I sarcastically call this The New American Dream because it is truthfully materialism wrapped up in the idea of the American Dream. Now before I go on, there is good dreaming. Wishing to be something because you love what it is and not how much fame or fortune is tied to it. However, many young people do not start with a true love to pursue their big dreams but a materialistic desire. For some it wares off as they grow up, and for others it becomes worse as they look for happiness in everything they do not have.
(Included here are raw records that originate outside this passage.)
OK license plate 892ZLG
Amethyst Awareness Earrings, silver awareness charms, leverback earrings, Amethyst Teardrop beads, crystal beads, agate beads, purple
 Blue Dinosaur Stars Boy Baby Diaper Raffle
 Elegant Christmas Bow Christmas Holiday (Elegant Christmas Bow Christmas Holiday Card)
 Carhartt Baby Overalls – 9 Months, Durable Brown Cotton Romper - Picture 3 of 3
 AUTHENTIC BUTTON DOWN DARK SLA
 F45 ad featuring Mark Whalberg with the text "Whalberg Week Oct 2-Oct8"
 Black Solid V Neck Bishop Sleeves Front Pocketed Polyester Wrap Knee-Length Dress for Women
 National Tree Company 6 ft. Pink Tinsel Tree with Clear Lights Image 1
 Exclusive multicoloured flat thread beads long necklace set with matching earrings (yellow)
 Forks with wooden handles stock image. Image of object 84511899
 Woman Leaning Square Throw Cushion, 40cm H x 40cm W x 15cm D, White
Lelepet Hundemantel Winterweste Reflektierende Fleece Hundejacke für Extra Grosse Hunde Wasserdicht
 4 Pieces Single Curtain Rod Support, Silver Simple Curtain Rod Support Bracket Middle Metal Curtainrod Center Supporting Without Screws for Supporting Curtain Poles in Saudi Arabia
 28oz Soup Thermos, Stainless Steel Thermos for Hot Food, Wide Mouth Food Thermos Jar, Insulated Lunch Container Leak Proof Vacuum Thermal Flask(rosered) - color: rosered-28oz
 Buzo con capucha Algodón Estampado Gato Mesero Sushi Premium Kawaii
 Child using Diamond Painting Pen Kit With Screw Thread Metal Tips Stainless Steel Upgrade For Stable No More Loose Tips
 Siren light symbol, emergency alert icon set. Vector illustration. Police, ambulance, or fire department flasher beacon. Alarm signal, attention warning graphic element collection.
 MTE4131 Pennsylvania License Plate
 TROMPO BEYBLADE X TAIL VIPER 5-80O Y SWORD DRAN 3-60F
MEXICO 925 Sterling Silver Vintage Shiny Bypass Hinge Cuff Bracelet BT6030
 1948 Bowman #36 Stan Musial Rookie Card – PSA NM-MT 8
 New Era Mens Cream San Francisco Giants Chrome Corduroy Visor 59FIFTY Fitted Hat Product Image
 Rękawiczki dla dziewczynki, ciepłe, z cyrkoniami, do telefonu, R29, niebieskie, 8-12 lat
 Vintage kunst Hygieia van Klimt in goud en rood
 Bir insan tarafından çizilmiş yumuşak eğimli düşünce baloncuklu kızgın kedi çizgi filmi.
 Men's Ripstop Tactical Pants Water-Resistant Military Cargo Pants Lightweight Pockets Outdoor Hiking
Ecclesiastes 2:1-11 is a portrait of the king of Israel (most likely Solomon) who tried to gain as much enjoyment out of life as possible. He lives everyone’s dream by acquiring silver and gold, alcohol, servants, homes, achievements, vineyards and gardens, great possessions, all the entertainment he wanted, and much more. He writes how everything his eye wanted he would get. This may explain why Solomon had so many wives and concubines. In verse 9, the writer says that he had more than anyone ever recorded before him.
So the king literally had everything (including fame, power, education), and what did he find? Nothingness. He was left just as empty as before. In verse 10 the writer describes it as “vanity” or “chasing after the wind”. Essentially he realized he was in pursuit of nothing of value.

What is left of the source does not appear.